*** Opening RECORDS FOR THIS TASK ***
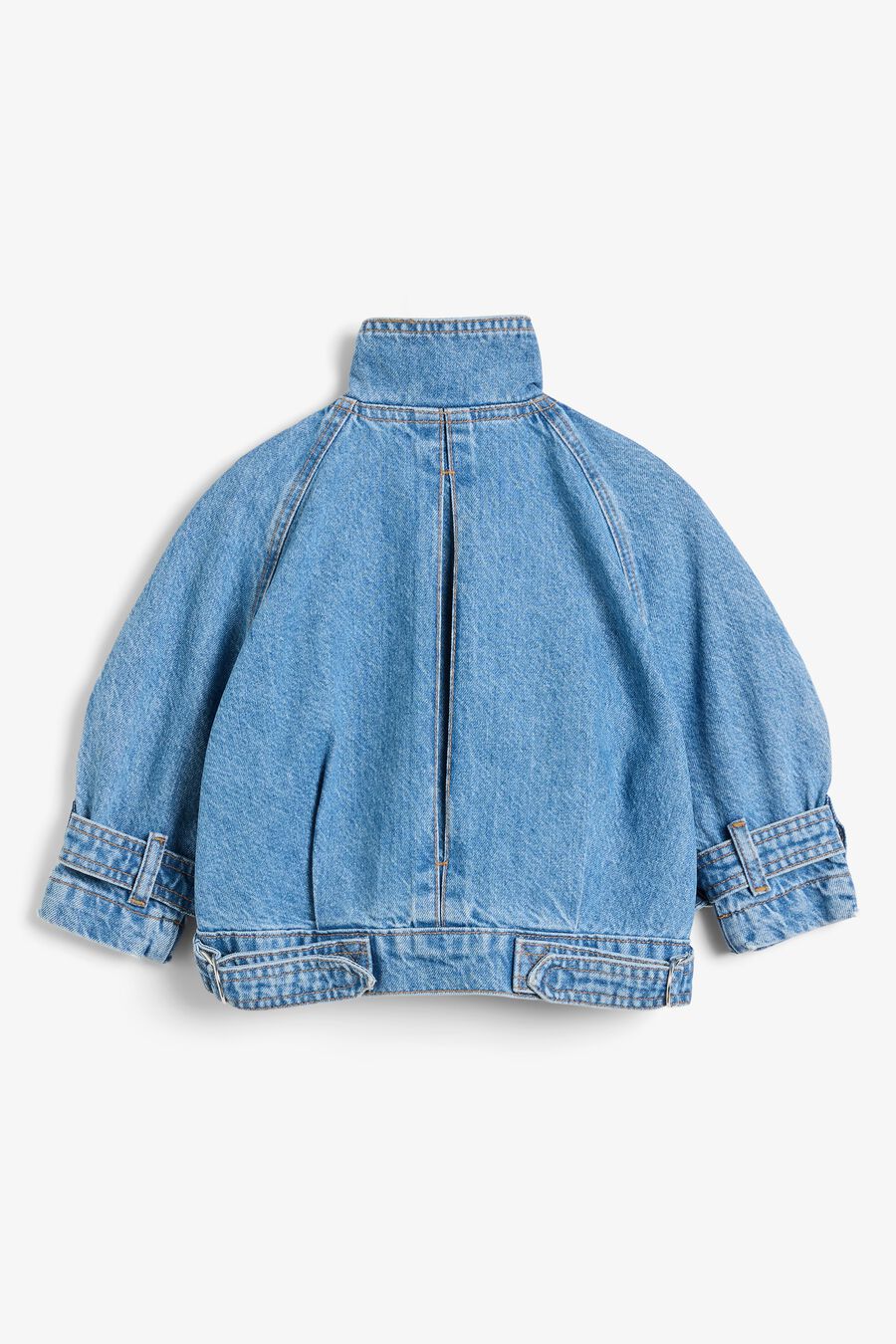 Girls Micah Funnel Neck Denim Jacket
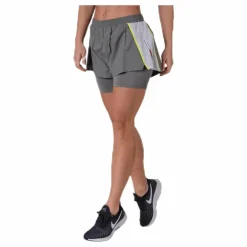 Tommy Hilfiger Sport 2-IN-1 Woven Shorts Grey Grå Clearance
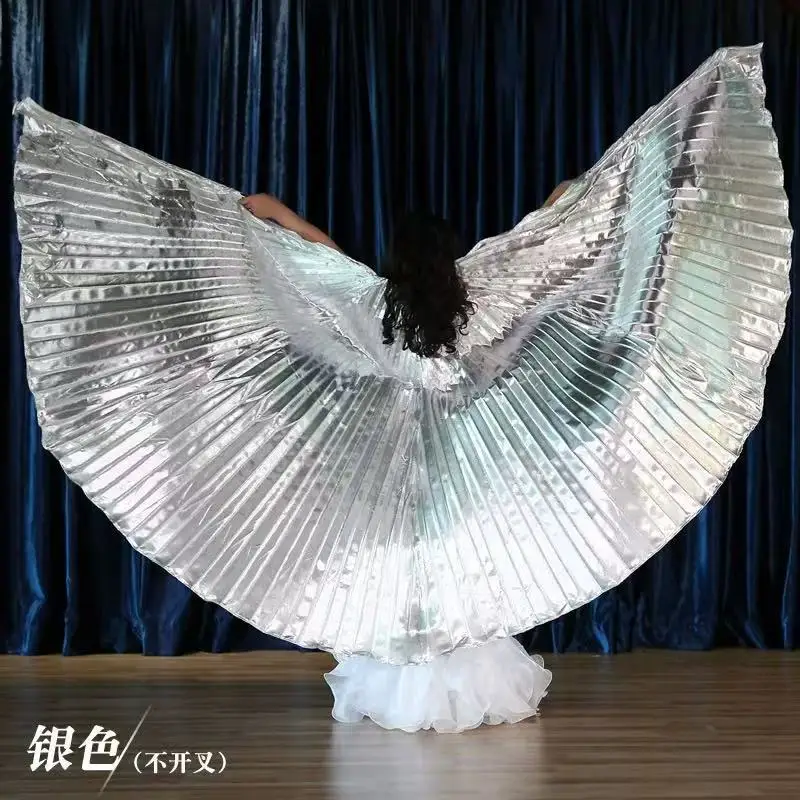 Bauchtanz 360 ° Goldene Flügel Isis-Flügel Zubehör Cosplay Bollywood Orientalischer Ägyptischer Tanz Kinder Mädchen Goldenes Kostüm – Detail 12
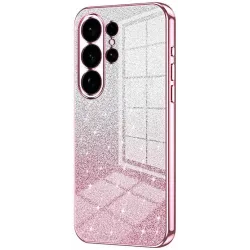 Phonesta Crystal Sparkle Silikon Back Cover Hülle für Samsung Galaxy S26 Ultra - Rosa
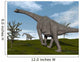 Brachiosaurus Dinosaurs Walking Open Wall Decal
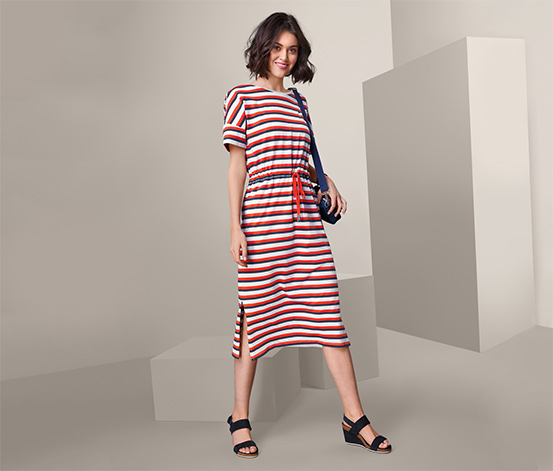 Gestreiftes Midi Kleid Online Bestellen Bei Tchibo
*** Closing RECORDS FOR THIS TASK ***
• _WHAT TO DO_: Write every record out again exactly, omitting the pictures they hold.

• _EXPECTED ANSWER_:
 Girls Micah Funnel Neck Denim Jacket
 Tommy Hilfiger Sport 2-IN-1 Woven Shorts Grey Grå Clearance
 Bauchtanz 360 ° Goldene Flügel Isis-Flügel Zubehör Cosplay Bollywood Orientalischer Ägyptischer Tanz Kinder Mädchen Goldenes Kostüm – Detail 12
 Phonesta Crystal Sparkle Silikon Back Cover Hülle für Samsung Galaxy S26 Ultra - Rosa
 Brachiosaurus Dinosaurs Walking Open Wall Decal
 Gestreiftes Midi Kleid Online Bestellen Bei Tchibo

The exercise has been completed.